También se usó nuestra imagen en este meme destinado a hacer burla de los nostálgicos del franquismo.

La bandera de la patria nos había transferido su superpoder de despertar lo mismo admiración que asco, haciéndonos menos persona y más símbolo. ¿Hubiera pasado lo mismo, en Vistalegre y en las redes, si los Abasfans hubieran sido tres tíos recios vistiendo tan solo una bandera de España atada a la cintura? Esa es una pregunta que le dejaremos responder al heteropatriarcado.

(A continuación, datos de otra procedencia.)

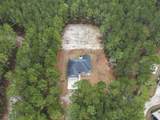 1930 West Homewood Rd. - Photo 36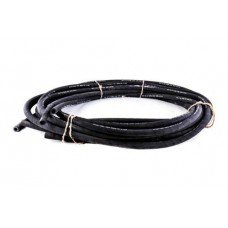 Рукав дорновий 25,0-35,0-1,0 МБС (кратно бухті – 20м) БЦМ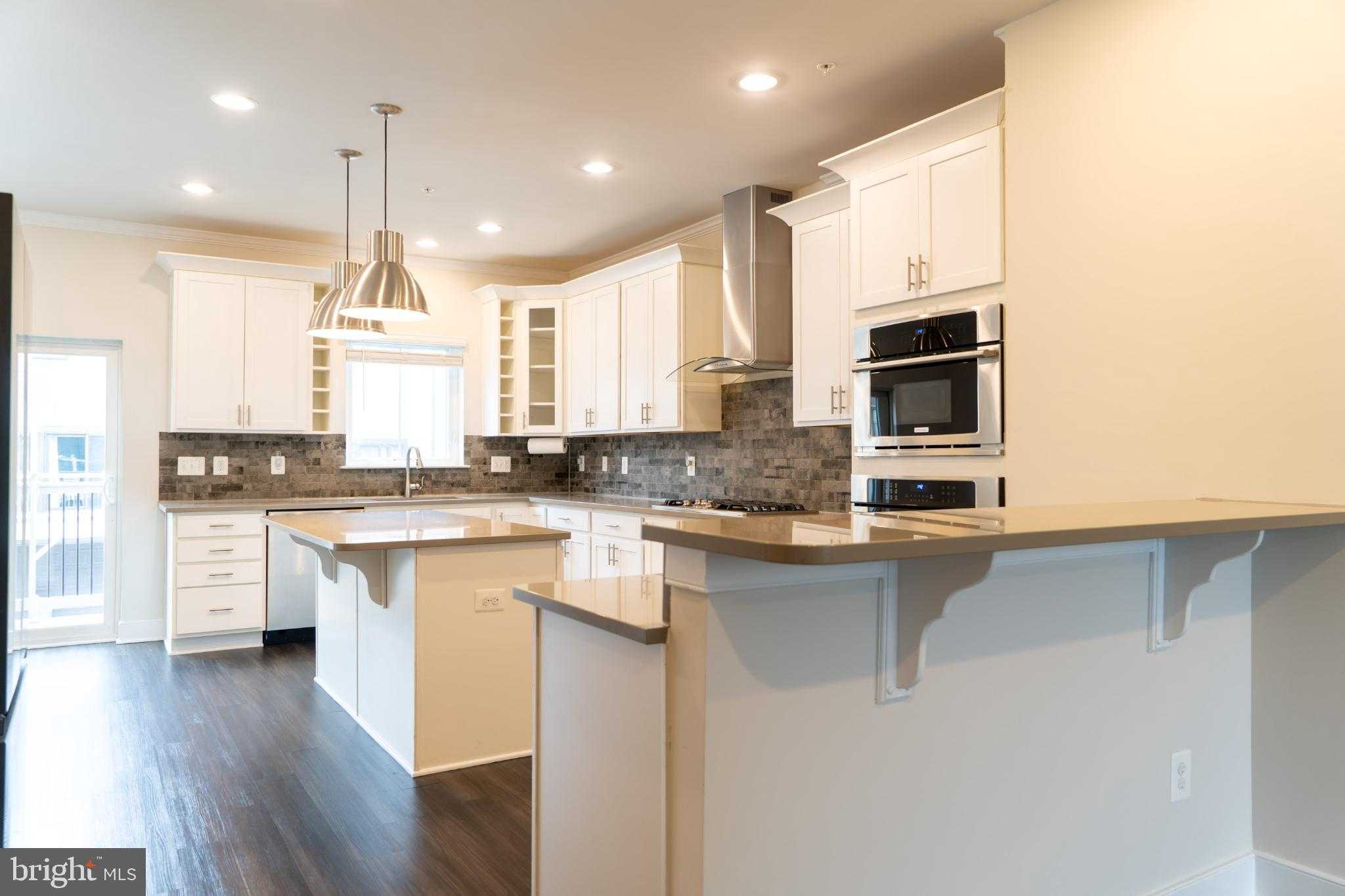 54 Verdant Oak Aly photo 2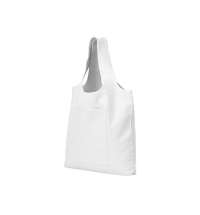 Сумка-шоппер &laquo;Vest&raquo; из хлопка 340 г/м2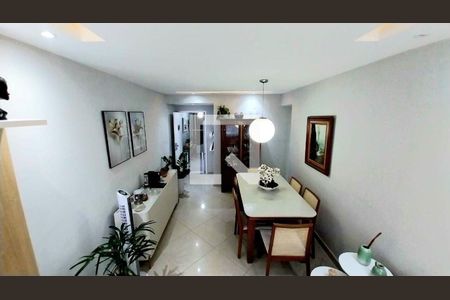 Apartamento à venda com 2 quartos, 85m² em Ingá, Niterói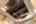 Blurred preview of media: 2025_01_January_47_Major_Ridge_Rd_0089
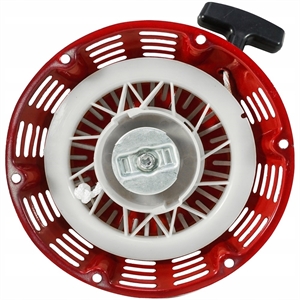 Стартер Honda GX390 13л.с - фото 37209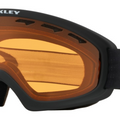 Oakley O-Frame 2.0 XS Goggles 2019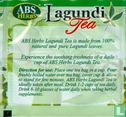 Lagundi Tea - Image 2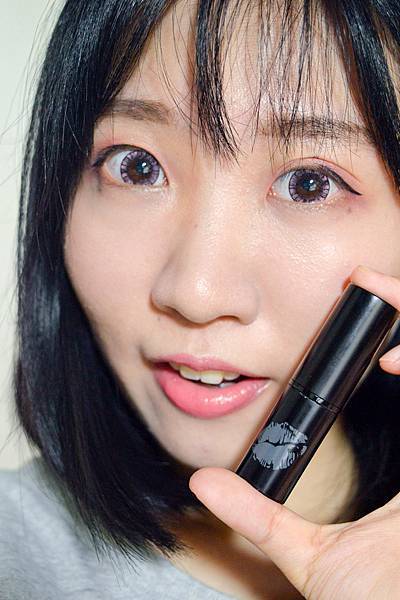 DSC_0030 (2).jpg 試用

Como siempre que hacemos un acto ultrarracional, al día siguiente despertamos con bastante purpurina aún pegada en la cara y muchos más interrogantes. ¿Contribuyó en algo nuestra burla aquel domingo a frenar el avance de la ultraderecha? ¿Contribuyeron en algo las activistas de Femen que habían estado encadenadas a la verja de Vistalegre unas horas antes de que nosotras llegásemos? ¿O quizás sólo nos prestamos, ellas y nosotras, a ser otra imagen que cada quién incorpora a su narrativa como más le conviene, ya sea para llamar a la devoción o al odio; un poco como se hace con la bandera de España?

Mediterráneo Digital usa la imagen de Femen para reírse del feminismo.

Lamentablemente, no tenemos respuestas para estas preguntas. Si lo desean, pueden incorporarlas a sus jornadas de reflexión antes de ir a votar este domingo, y contarnos si llegan a alguna conclusión. La única certeza con la que nosotras podemos dejarles es que la Vogue se equivoca cuando nos dice que todas debemos tener un little black dress en nuestro fondo de armario: sin duda la prenda más versátil que puede poseer una mujer, damos fe de ello, es un trapito amarillo y rojo.